Version: 4.1 Context: Logging, Metrics, and Tracing standards.

1. Structured Logging (Tracing)

We use the tracing crate to emit structured events.

Level	Usage	Example
ERROR	Operator intervention required. Data loss or Service outage.	`Database connection failed`, `Worker panic`.
WARN	Recoverable issues or degraded performance.	`Rate limit exceeded`, `Job retrying`.
INFO	Lifecycle events.	`Server started`, `Job #123 completed`.
DEBUG	State transitions and payload details.	`User authenticated`, `Config loaded`.
TRACE	Hot-path debugging. DISABLE IN PROD.	`Score calculated: 10.5`, `Mutex acquired`.

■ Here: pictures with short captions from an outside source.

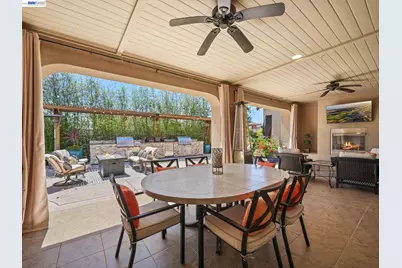 65 Stonebrae Rd, Hayward, CA 94542 - Photo 32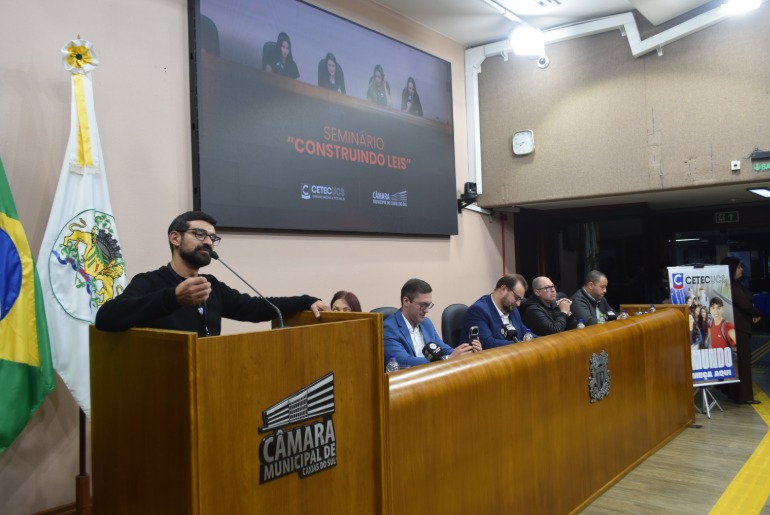 Estudantes do CETEC-UCS apresentam projetos de lei no plenário da Câmara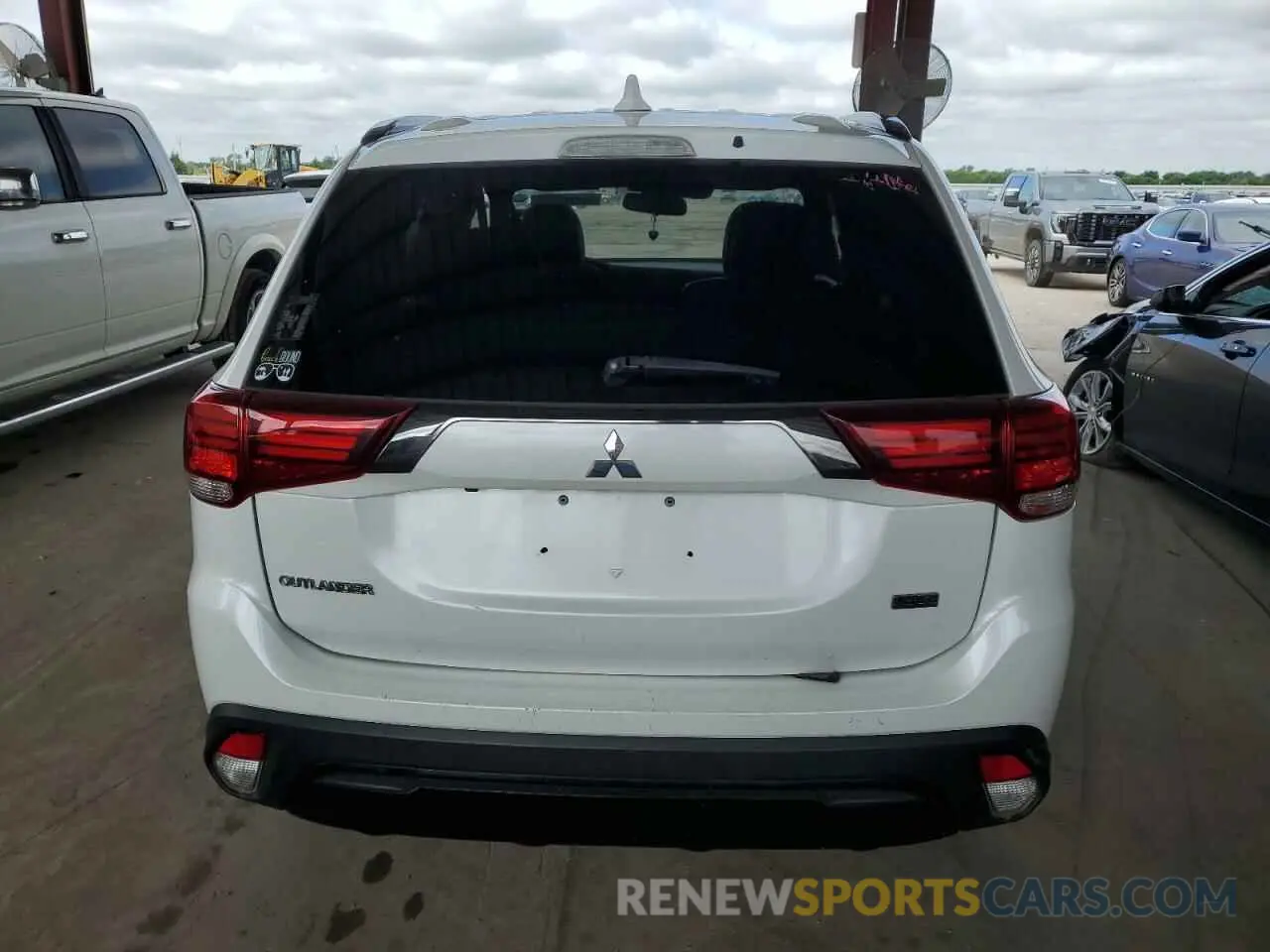 6 Photograph of a damaged car JA4AD3A30LZ039104 MITSUBISHI OUTLANDER 2020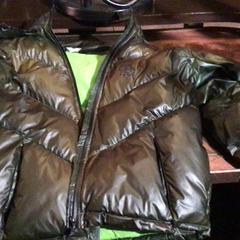 Dzseki Bruin groen, amint azt De Heeren van Aemstel az iLost segítségével jelentette.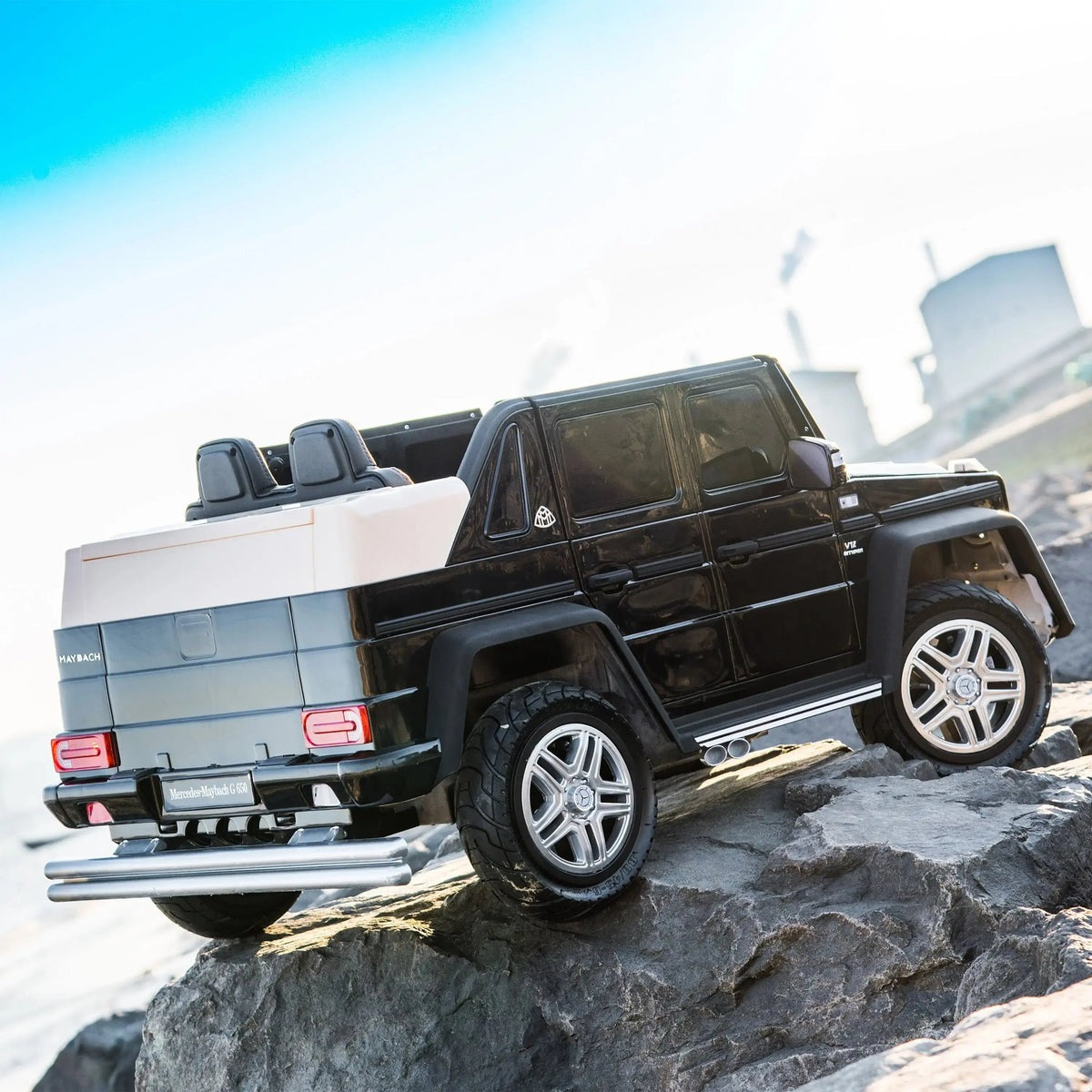 Mercedes Maybach G650 12V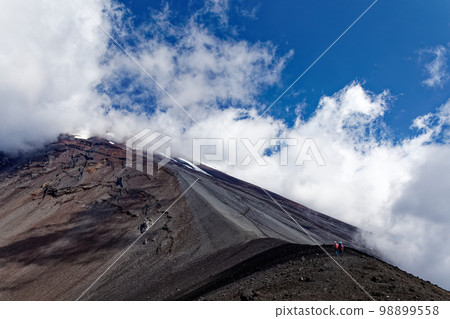 登山者沿著寶永山的山脊線和雲霧繚繞的富士山山腰行走 98899558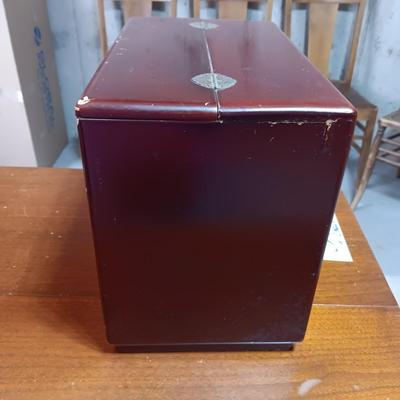 2 DRESSER TOP JEWELRY BOXES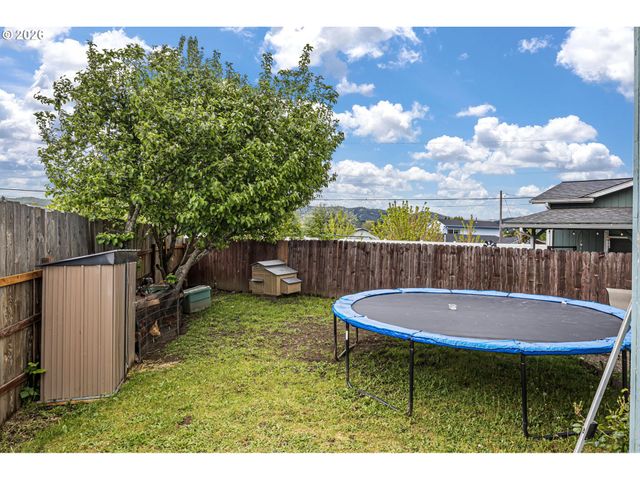 144 BUNTING Ct, Roseburg, OR 97471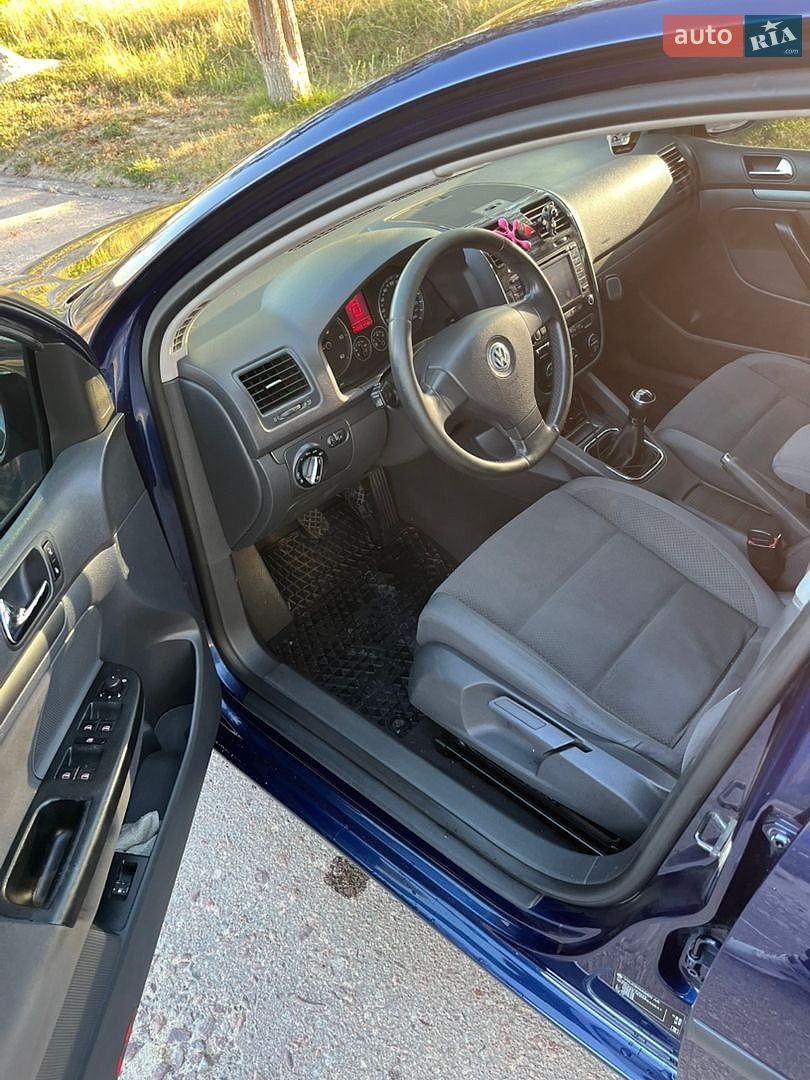 Volkswagen Golf 2004 VIN WVWZZZ1KZ5P040541 фото оголошення 5 з 10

Every request and background job must be wrapped in a Span.

We expose a /metrics endpoint for scraping.

Metric Name	Type	Description
`keyforge_jobs_active`	Gauge	Number of jobs currently processing.
`keyforge_jobs_total`	Counter	Total jobs submitted (labeled by status: `success`, `failed`).
`keyforge_score_latency_ns`	Histogram	Time taken to calculate a single layout score.
`keyforge_worker_heartbeats`	Counter	Liveness check for connected agents.

Liveness: /health/live - Returns 200 if the HTTP server is up.
Readiness: /health/ready - Returns 200 if DB is connected and migrations are applied.

For real-time cluster management without a web browser, we provide a Terminal User Interface.

Cluster Map: Visualizes active Worker Nodes, their CPU load, and current Job ID.
Job Queue: Scrollable list of Pending/Running/Failed jobs with "Kill" and "Retry" actions.
Log Stream: Tailing tracing logs with regex filtering.